En España, el cambio del artículo 135 de la Constitución fue un escándalo. La nueva redacción, escrita para contentar a Angela Merkel, viene practicamente a proscribir el keynesiasmo y, por tanto, buena parte de la historia europea del siglo pasado. Los años de la crisis han visto el cambio sucesivo de leyes para favorecer la concentración bancaria y eliminar el 50% del negocio que las cajas de ahorro tenían en sus manos. Es, como ha escrito el profesor Josep María Vallés, una inmensa y nueva desamortización: “En el XIX, la tierra. En el último tercio del XX la empresa pública. En el XXI, se entregan las cajas al capital privado”.
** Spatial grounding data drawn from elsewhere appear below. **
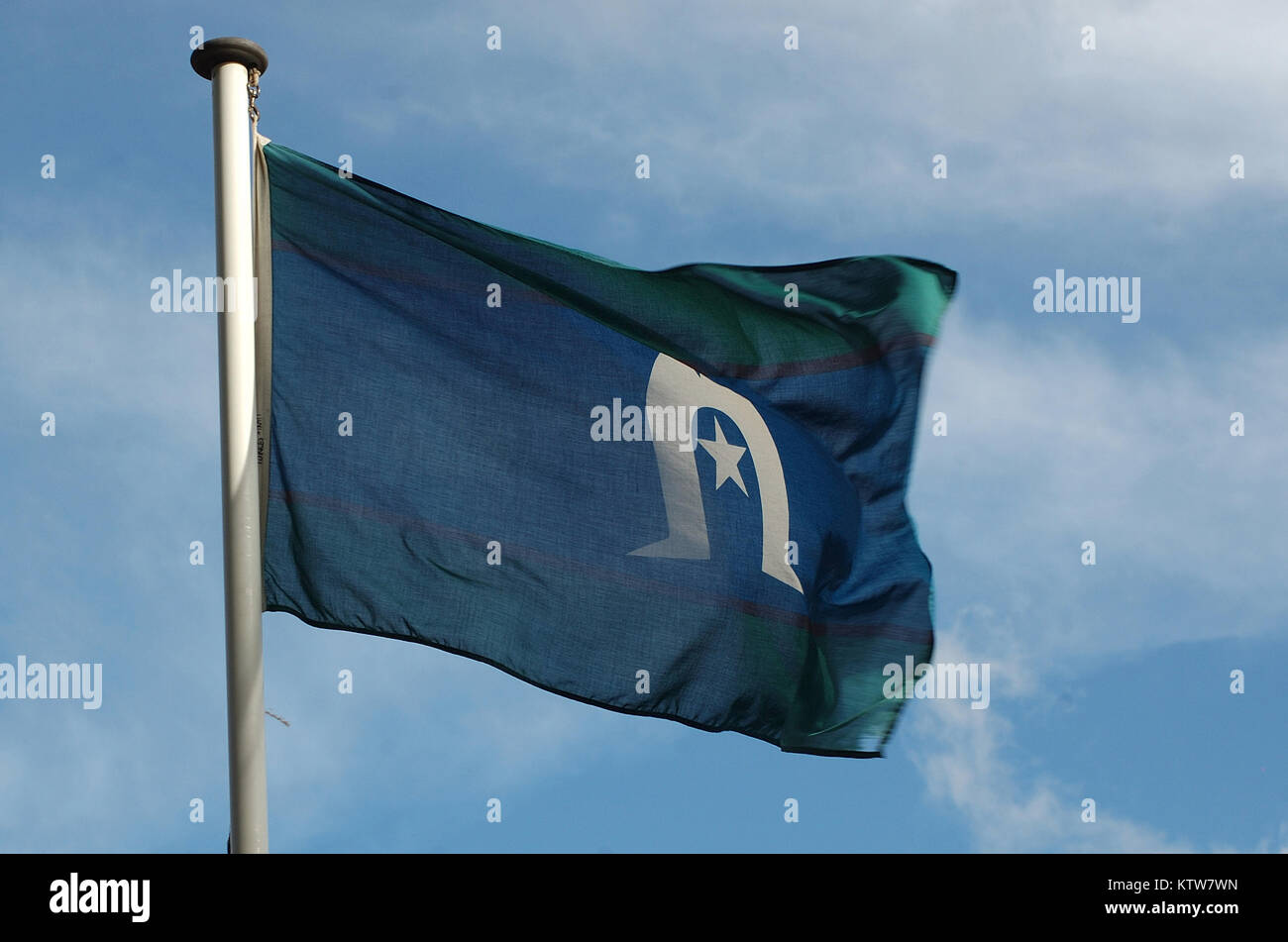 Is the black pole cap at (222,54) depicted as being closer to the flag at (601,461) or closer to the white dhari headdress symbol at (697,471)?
the flag at (601,461)

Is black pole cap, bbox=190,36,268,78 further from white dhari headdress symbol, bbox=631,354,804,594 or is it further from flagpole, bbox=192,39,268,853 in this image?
white dhari headdress symbol, bbox=631,354,804,594

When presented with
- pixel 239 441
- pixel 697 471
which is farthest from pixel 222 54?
pixel 697 471

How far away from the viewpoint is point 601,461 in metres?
10.7

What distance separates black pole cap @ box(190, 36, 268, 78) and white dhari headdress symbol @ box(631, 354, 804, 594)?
332 cm

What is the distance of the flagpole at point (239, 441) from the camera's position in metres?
8.27

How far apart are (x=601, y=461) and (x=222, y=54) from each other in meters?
3.38

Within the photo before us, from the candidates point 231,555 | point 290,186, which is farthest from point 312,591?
point 290,186

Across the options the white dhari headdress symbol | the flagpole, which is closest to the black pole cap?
the flagpole

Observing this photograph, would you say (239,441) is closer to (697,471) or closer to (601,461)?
(601,461)

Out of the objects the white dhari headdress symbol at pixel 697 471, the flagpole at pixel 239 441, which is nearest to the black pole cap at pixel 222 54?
the flagpole at pixel 239 441

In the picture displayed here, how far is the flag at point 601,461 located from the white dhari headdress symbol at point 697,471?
1cm

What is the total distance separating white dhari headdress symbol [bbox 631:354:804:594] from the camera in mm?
10711

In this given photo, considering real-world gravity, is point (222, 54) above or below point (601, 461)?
above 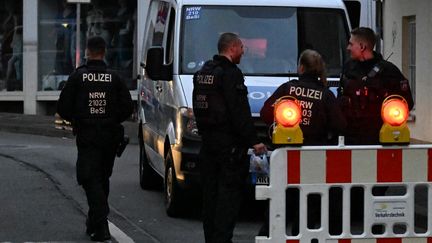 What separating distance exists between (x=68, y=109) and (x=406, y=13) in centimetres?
1052

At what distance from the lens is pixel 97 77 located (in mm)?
9227

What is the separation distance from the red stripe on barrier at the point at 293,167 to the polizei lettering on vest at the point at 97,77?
10.4 feet

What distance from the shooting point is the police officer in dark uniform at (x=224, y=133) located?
26.6ft

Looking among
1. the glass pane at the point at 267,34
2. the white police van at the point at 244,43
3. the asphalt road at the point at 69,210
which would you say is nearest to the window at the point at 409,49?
the asphalt road at the point at 69,210

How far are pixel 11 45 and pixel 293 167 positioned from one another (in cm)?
2169

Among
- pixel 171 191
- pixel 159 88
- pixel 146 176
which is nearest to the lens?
pixel 171 191

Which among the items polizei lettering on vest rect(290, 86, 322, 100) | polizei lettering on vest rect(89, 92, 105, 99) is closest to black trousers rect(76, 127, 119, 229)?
polizei lettering on vest rect(89, 92, 105, 99)

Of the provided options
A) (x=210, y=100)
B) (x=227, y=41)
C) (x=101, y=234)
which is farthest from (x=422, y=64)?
(x=210, y=100)

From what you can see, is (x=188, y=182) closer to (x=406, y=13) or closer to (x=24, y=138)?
(x=406, y=13)

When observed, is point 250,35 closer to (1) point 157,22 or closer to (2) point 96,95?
(1) point 157,22

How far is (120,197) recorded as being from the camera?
12.6 meters

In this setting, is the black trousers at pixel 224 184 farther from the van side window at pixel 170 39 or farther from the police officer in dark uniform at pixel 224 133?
the van side window at pixel 170 39

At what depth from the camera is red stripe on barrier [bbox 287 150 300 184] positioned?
255 inches

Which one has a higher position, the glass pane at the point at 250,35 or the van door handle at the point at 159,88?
the glass pane at the point at 250,35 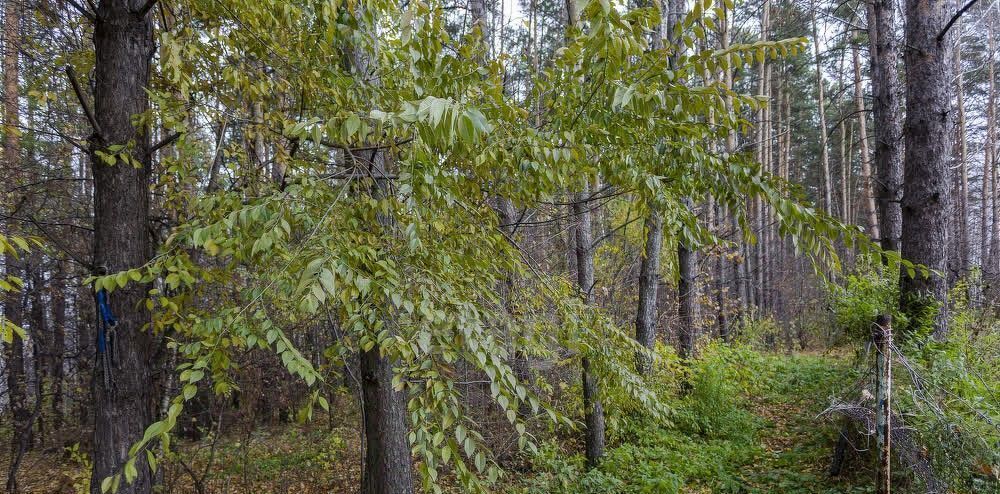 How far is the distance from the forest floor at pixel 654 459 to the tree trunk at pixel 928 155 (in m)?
1.37

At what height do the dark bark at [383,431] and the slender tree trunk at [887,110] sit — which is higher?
the slender tree trunk at [887,110]

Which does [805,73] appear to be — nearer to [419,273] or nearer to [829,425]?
[829,425]

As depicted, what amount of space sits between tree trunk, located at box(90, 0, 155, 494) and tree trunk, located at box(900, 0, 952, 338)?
6.63m

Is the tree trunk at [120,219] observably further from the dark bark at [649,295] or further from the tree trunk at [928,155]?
the tree trunk at [928,155]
Entre tanto, la estructura de la Renta es un robo. Se le atribuye a Aznar la frase “en España los ricos no pagan impuestos”. Y así es. Si los españoles conociesen cómo funciona el fisco tal vez habría una revolución. Pagar impuestos a Hacienda es cosa de pobres y de clase media. ¡Y entre tanto, la OCDE, ese grupo de prendas, recomienda seguir subiendo el IVA y bajar las cotizaciones sociales!. Como estaba programado de antemano, el peso de los salarios baja en la renta de España, pero el de las rentas del capital sube: la desigualdad se dispara. El Estado del Bienestar, aquel modelo social que fue fruto de una cierta coyuntura histórica, de una cierta relación de fuerzas y, por tanto, de unos ciertos miedos y esperanzas, se va disolviendo en el tiempo.

Esa es la cuestión: el capitalismo funcionaba mejor cuando había algo que lo moderaba, fuese la existencia de la URSS o los movimientos obreros. Algunos vimos el eclipse de los partidos comunistas, ahora contemplamos el de los partidos socialistas. El motivo: que el capital no quiere pactar la pervivencia del modelo social europeo. Y los partidos socialistas tenían su razón de ser, precisamente, en ser los signatarios, por el otro lado, de ese pacto.

El capital, al contrario, está empeñado en hacer “reformas estructurales”, es decir, proceder a la destrucción pausada del Bienestar tal y como lo conocimos. Merkel siempre repite, con afán misionero, que Europa representa el 7% de la población mundial, el 25 del PIB y el 50% del gasto social. Está sugiriendo que, para competir en el mundo global, la última cifra es insostenible. Es un “silogismo devastador” como lo denominó Martin Kettle en The Guardian. Empobrecer a la población europea es el proyecto en curso, lo que se busca, y no una consecuencia inesperada de la austeridad.